-
Notifications
You must be signed in to change notification settings - Fork 3.5k
Description
Proposed Emscripten / WebAssembly API Changes
Since late September 2018, I've been implementing a straightforward translation layer from host calls from Emscripten-generated WebAssembly to the C library of the underlying host. The result today is a WebAssembly runtime that fully implements all the required functionality to run an unmodified version of Nginx compiled with Emscripten. While it works, there were a few modifications I would make to the existing Emscripten<->WebAssembly API to correct some inadequacies, simplify the translation logic, and optimize the translation logic.
These changes are proposed as minor edits to the existing API but long term it would be good if we could fully document the existing API with the intention of publishing it as a POSIX API standard for WebAssembly. I'm looking for feedback on these proposals before I potentially start working on a patch for Emscripten.
1. Include memory layout information in WASM binary (Critical) (DONE 0d83546)
The WASM module produced by Emscripten requires a few exports from the
host to run successfully:
memoryBase/__memory_base__table_basetempDoubleDYNAMICTOP_PTRSTACKTOPSTACK_MAX
The value of these exports depend on the target STATIC_BUMP value. This value is not encoded in the generated WASM file itself, and must be parsed out from the accompanying .js file.
I propose the STATIC_BUMP value be encoded in a custom "Emscripten Metadata" section in the generated WASM file.
2. Compiling with -O3 shouldn't minify WebAssembly import names (critical) (DONE 2852283)
This was recently changed in Emscripten. -O3 now by default mangles import names. I propose the default -O3 doesn't mangle the import names, and an extra option be added to do that extra minification if desired. Alternatively maintaining the current behavior and adding an option to disable the name mangling is another options.
3. Compile straight to .wasm file (recommended) (DONE 2852283)
It should be possible to specify a .wasm file as the output file. Right now you must specify a file ending in .js, when the .js file isn't always necessary.
4. Include table layout information in WASM binary (Critical) (DONE 0d83546)
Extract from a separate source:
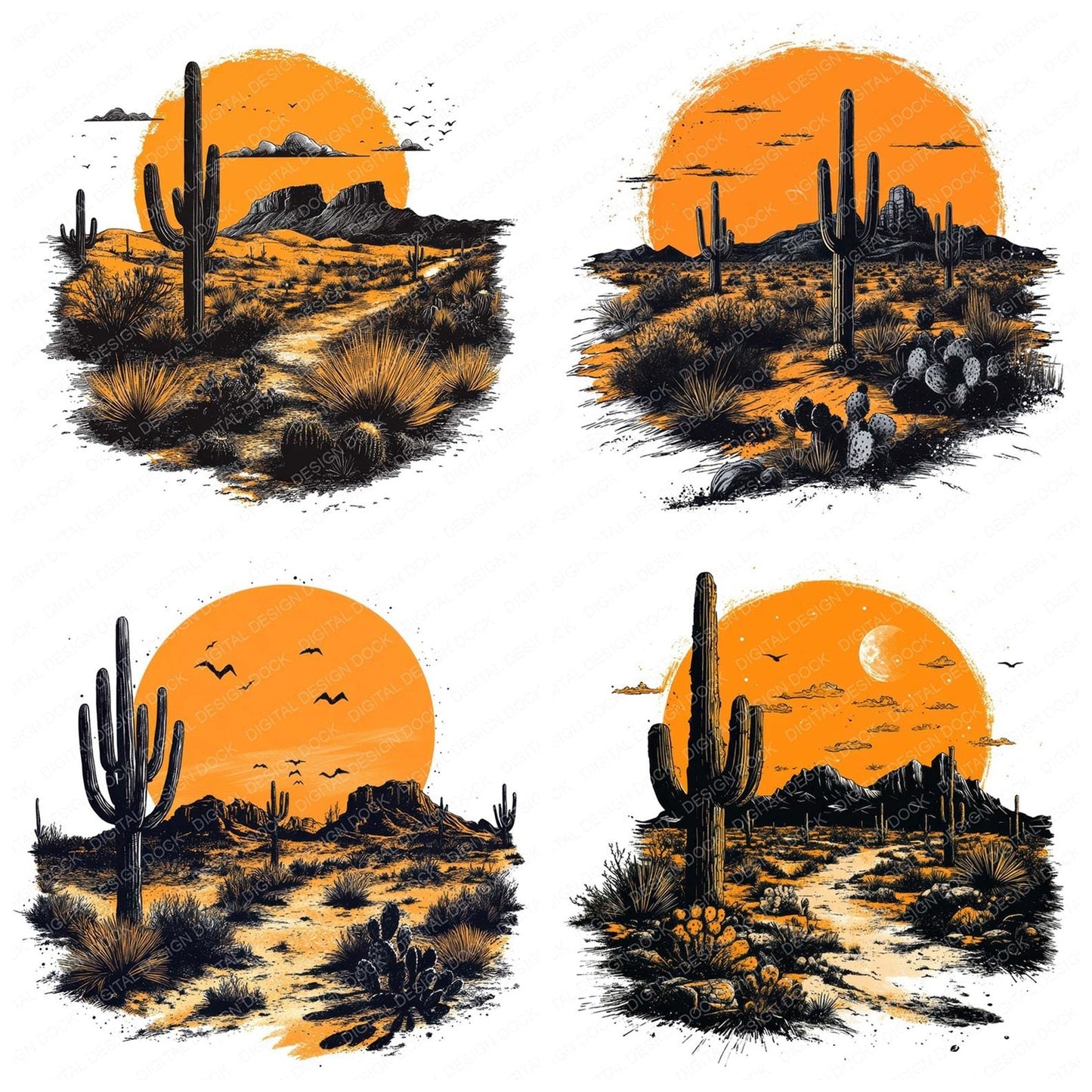 Desert Sunset Scene Clipart Set (DDD005120)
The WASM module generated by Emscripten imports its index-zero table from the host. The expected size of this table is not generic and must be parsed out from the accompanying .js file as well.
I propose either:
- that the import parameters for the table allow a generically sized table
- the table size is encoded in a custom "Emscripten Metadata" similar section in the
generated WASM file.
5. off_t and ino_t should be 64-bits (Critical) (DONE 4e4a794)
Most file systems support 64-bit off_t and ino_t. The WASM generated by Emscripten expects a 32-bit off_t and ino_t. This is a problem when delegating the host functions required by the generated WASM file directly to the host's C library since it's not possible to return the full value produced by the host to the hosted WASM.
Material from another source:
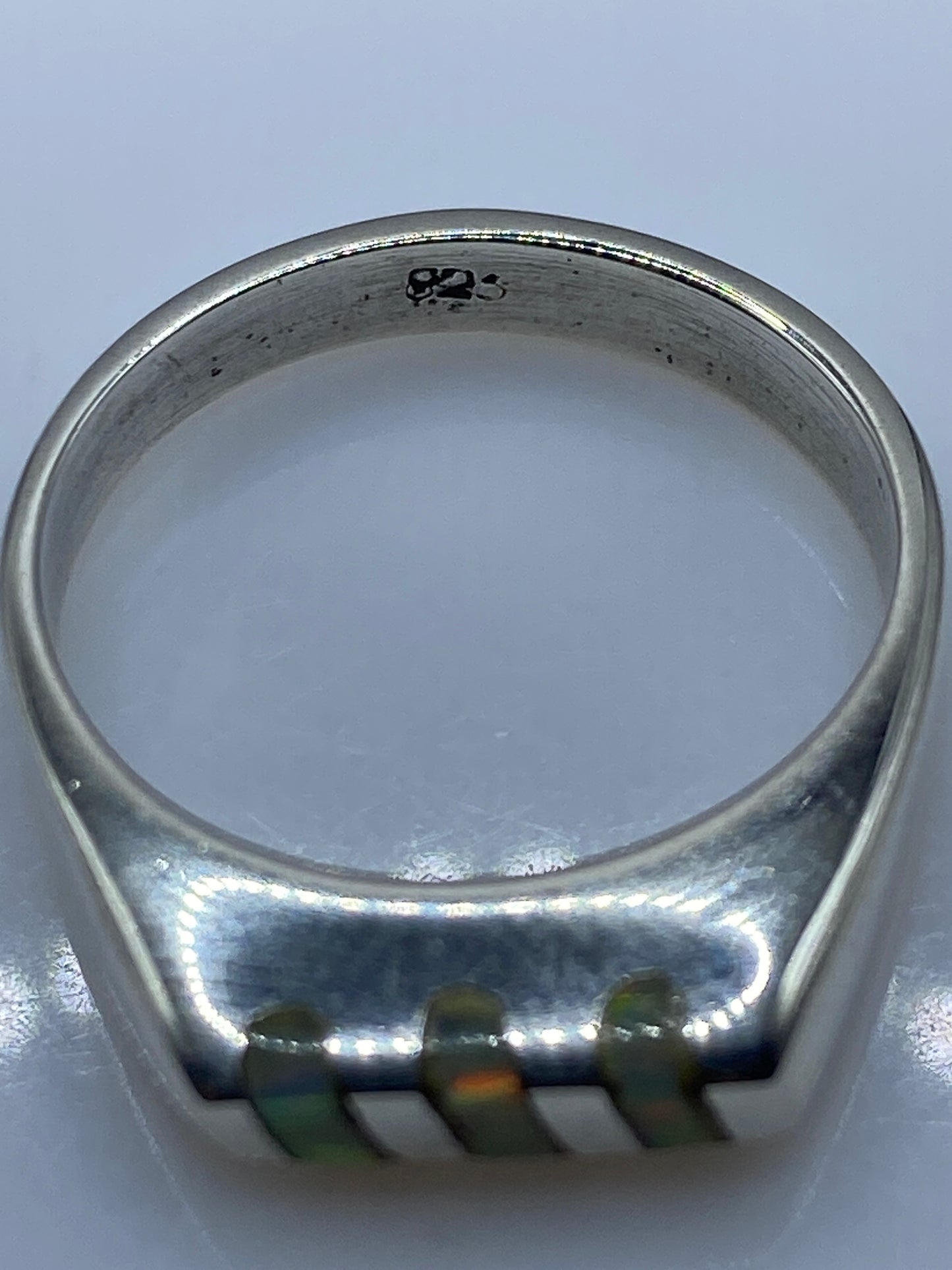 Anillo de Plata Ópalo de Fuego Unisex — Banda Taxco — foto 5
I propose we convert off_t and ino_t to 64-bits.
6. More POSIX types should be 64-bits (Recommended)
Emscripten ends up using 32-bit versions of many POSIX structures, whereas the host implementation usually uses 64-bit values in its corresponding structures. While pointers might always necessarily be
32-bits in value and don't make sense in host context without conversion to host pointers first anyway, there are a few POSIX structures that in theory could be directly forwarded to the host
implementation. Examples include struct timespec, struct stat, struct tm, and more. If Emscripten encoded these using 64-bit integer values, then no conversion step would be required on the most popular data model on POSIX systems for the foreseeable future, LP64.
7. POSIX API, not System Call API (Recommended)
At first, it seemed like the API between Emscripten-generated WebAssembly and the Emscripten host should be based on system calls implied by POSIX. This doesn't work in the case of higher-level APIs that have implementation-defined behavior. Examples include: readdir() and friends, getgrent and friends, getpwent and friends, sem_post() and friends, and more.
Emscripten currently uses musl library code to implement readdir() and requires the host to implement the getdents64() system call. Only Linux provides an API that has getdents64() semantics, other POSIX systems like OpenBSD and macOS provide slightly similar but incompatible APIs and furthermore those APIs are unsupported. POSIX only requires that implementations provide readdir() and friends. It would be better for Emscripten-generated WebAssembly to generate calls to host-defined readdir() and friends instead of getdents64() to more easily implement the API on all POSIX systems.
This requires some modification to the Emscripten's version of musl which adds extra complexity but I think is overall worth it.
8. Better function signatures for system calls (Recommended)
This is related to the previous recommendation: right now the system call API names the system call by number (e.g. _syscall220). Also the arguments to the system calls are passed in a buffer instead of as WebAssembly function arguments, this requires extra work on the host implement to decode the arguments. I propose all APIs use descriptive names and pass arguments normally instead of in an indirect buffer.
9. API function calls are responsible for setting Errno (Recommended)
Right now some Emscripten APIs expect the system call to return a negative errno number to signal error, and some return the error in the errno value. I think all APIs should behave similarly for consistency.